I’ve been ridiculously grumpy lately for no reason. I know I have much to grateful for, but I have been having a hard time counting my blessings. Over the last few weeks, we have been invited over to a few of our friends homes to celebrate new babies, new homes, new marriages and other fun life events. Everyone seems extremely happy with all the newness in their lives. On top of that, they all live in amazing homes! If you have been reading my blog for little bit, you know that I really don’t like our home but am trying to find contentment in it. I know I shouldn’t be trying to keep up with Joneses, but I am finding it really hard to be content with our present situation. It hasn’t helped also that my in-laws were visiting for Easter. There was literally not enough space to be comfortable for the duration of time they were here. I know, I know. I sound like a whiny brat. I’m trying to be better y’all! I am!

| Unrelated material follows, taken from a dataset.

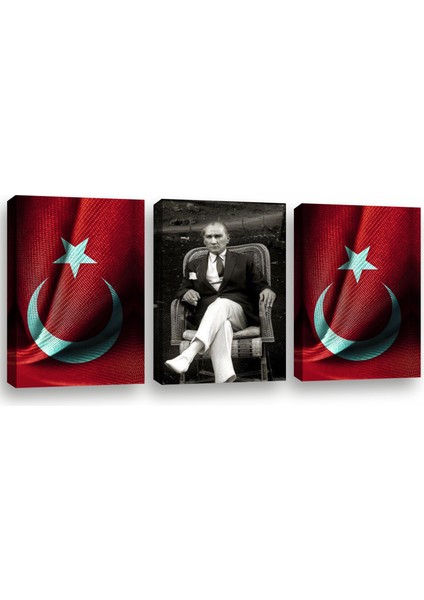 Mustafa Kemal Atatürk,türk Bayrağı 3 Parçalı Kanvas Tablo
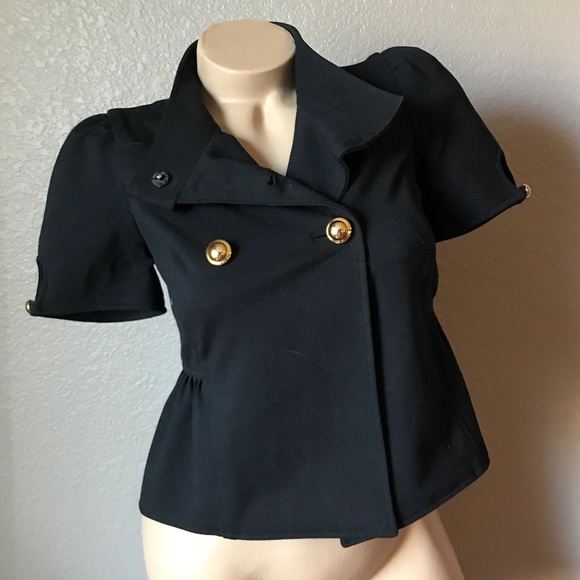 Black Button Crop Jacket Small Nwot - Picture 1 of 2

My apathy for our home is also affecting my eagerness to full execute the mortgage payoff plan. It’s hard to stay motivated when I have so much to pay off and in the end, I am still in a home that I don’t enjoy. I really should do a no spending challenge for April, but keep asking myself “For what? Why should I care?!” After work today, I spent about an hour looking through zillow.com and truila.com in search of my dream home. It actually helped motivate me somewhat. The type of home I want would require about a $80K – $100K down payment. We currently have about $10K in equity in our home, if I am being realistic. The more I pay down the mortgage, the more equity we have. At some point, we could sell this place when the equity is around $80K – $100K. In the meantime, we would have saved buttloads in interest payments. I have a little “For what?” motivation back. Hopefully it will lasts me a little while.
And maybe I need to stop accepting invitations from my fancy friends for a while!